Originally Posted by
DrLeeCRogers
Most airports aren't actually Federal property. They are city, county, or port authority property. If you get arrested at the airport, you're arrested by the local police, not the FBI. Yes there are a mixture of Federal, State, and local laws that govern airports and travel, but the local government can enact laws more strict than the Federal laws. Hence, some airports don't allow smoking (by local law, even though there is no Federal law to ban smoking indoors). So the local municipality could make it illegal to operate a device to irradiate humans without a license, or something similar.

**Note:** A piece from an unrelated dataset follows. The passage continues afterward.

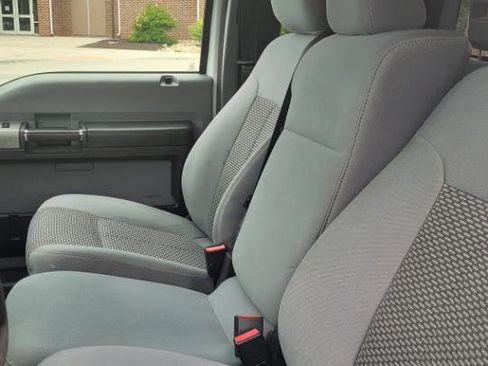 Used 2013 Ford F250 XLT AWD/4WD image 6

Your smoking example is flawed because the
lack of a law isn't a "conflict". Whether the airport is Federal property or not isn't relevant either.
However, I think the supremacy issue is a bit more complex than
Lobbyist is acknowleging. The classic aviation-related example is that localities can't pass laws that purport to regulate flight paths because that conflicts with the Federal power to regulate aviation. But I think they
can issue time curfews and completely
close an airport, if they so choose. So it's not absolute.

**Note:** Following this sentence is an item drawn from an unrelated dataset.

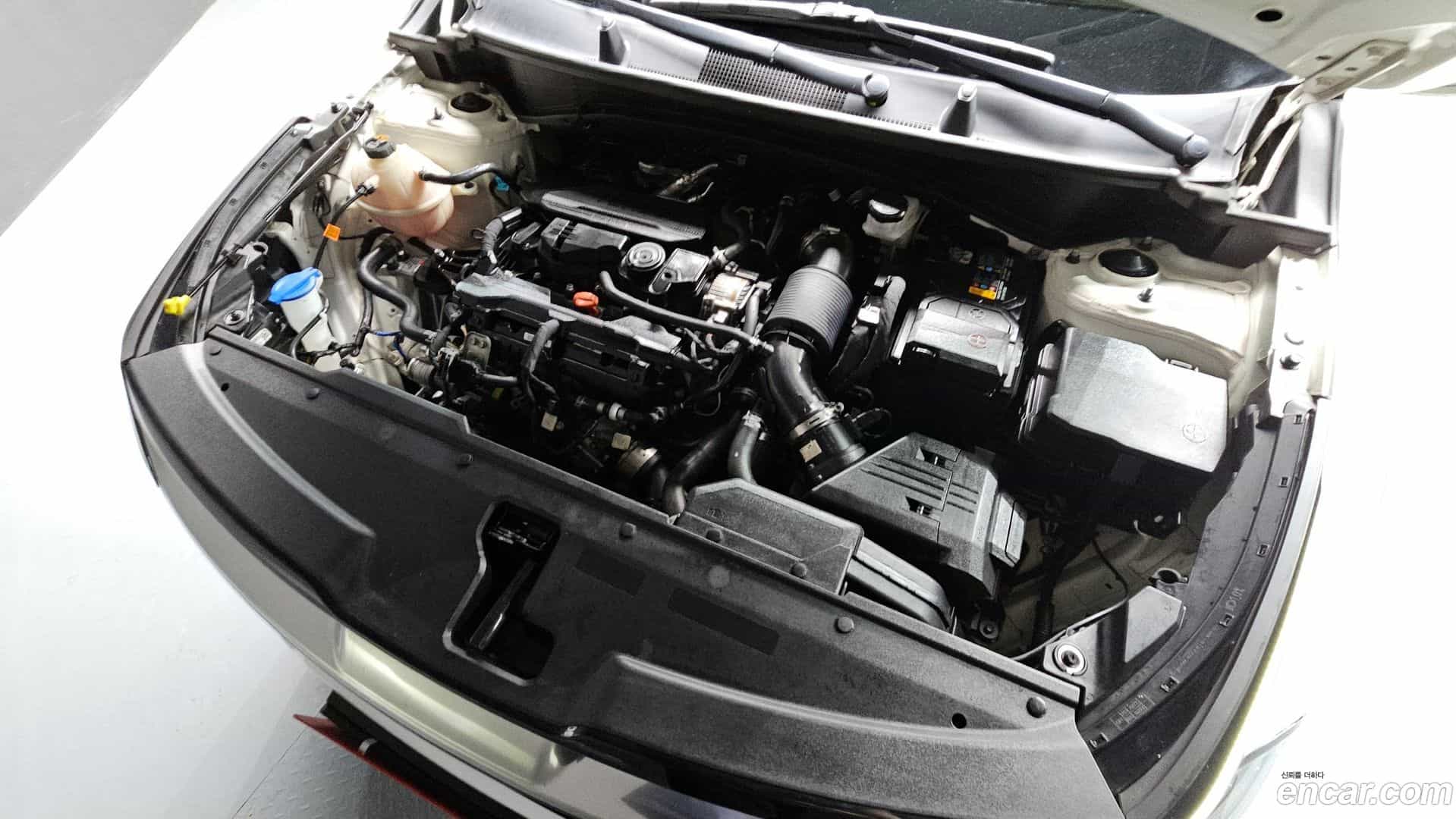 Sportage Kia 2021.11-INNER-006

In the screening arena, there's no question that the legislation creating the TSA is sufficient to make unenforcable any local laws that would affect screening, but
only those part of screening that were "valid". If a court were to hold that the screening was unconstitutional, then the law is not "valid". For example, if a jurisdiction were to make operating an AIT a felony and charged a TSO under that statute and the court ruled as part of that prosecution that the AIT was a unconstitutional search, that prosecution may well succeed. IANAL, of course.